# The Phoenix Tank



## Rob Fisher (31/3/16)

The Phoenix Tank from the Council of Vapor. Now this one is really interesting!

Reactions: Like 8


----------



## CloudmanJHB (31/3/16)

That is something very different, and a good looking tank at that !

Reactions: Agree 1


----------



## hands (31/3/16)

good looking tank.


----------



## Rob Fisher (9/4/16)

The Phoenix tank has landed!

The Ceramic Wars continue!

Reactions: Like 6


----------



## Silver (9/4/16)

Nice one @Rob Fisher 
Looking forward to hearing about it and where it sits in the ceramic pecking order

Reactions: Agree 1


----------



## Clouds4Days (9/4/16)

Nice Tank @Rob Fisher 
I just don't like the rubber air control rings.
Cost effective I guess but soar on the eyes.
Interested to hear how it performs.
Vape on...


----------



## Andre (9/4/16)

Clouds4Days said:


> Nice Tank @Rob Fisher
> I just don't like the rubber air control rings.
> Cost effective I guess but soar on the eyes.
> Interested to hear how it performs.
> Vape on...


If I remember correctly, the air flow is not controlled by the rubber ring. It is but for protection.

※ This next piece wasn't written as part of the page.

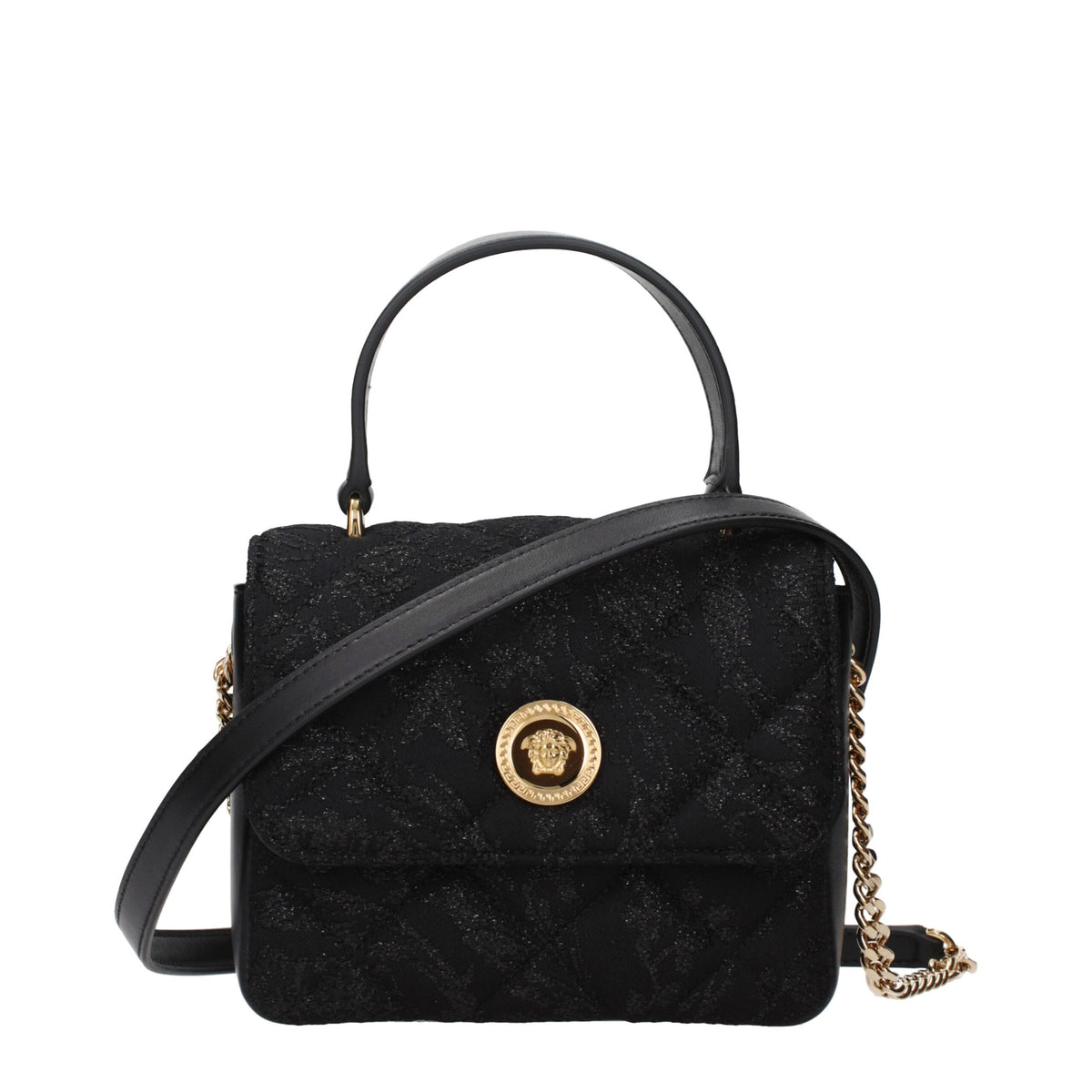 Versace Schwarze Stoffhandtasche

Reactions: Agree 1 | Informative 1


----------



## Rob Fisher (9/4/16)

Clouds4Days said:


> Nice Tank @Rob Fisher
> I just don't like the rubber air control rings.
> Cost effective I guess but soar on the eyes.
> Interested to hear how it performs.
> Vape on...



Don't need the rubber goodies at all!

Reactions: Like 1


----------



## Rob Fisher (11/4/16)

Not a bad tank but wide bore drip tip and no adapter for my own drip tips... also not a bad vape but nowhere as good as the *Target Tank* with working cCell coils! Need to run at 60 watts plus to drive the ceramic coil so it's hard on batteries compared to others. Air flow is good and the tank doesn't leak. Pretty easy to fill and screwing off the top close the juice flow holes at the same time which is a nice touch.

Reactions: Like 1


----------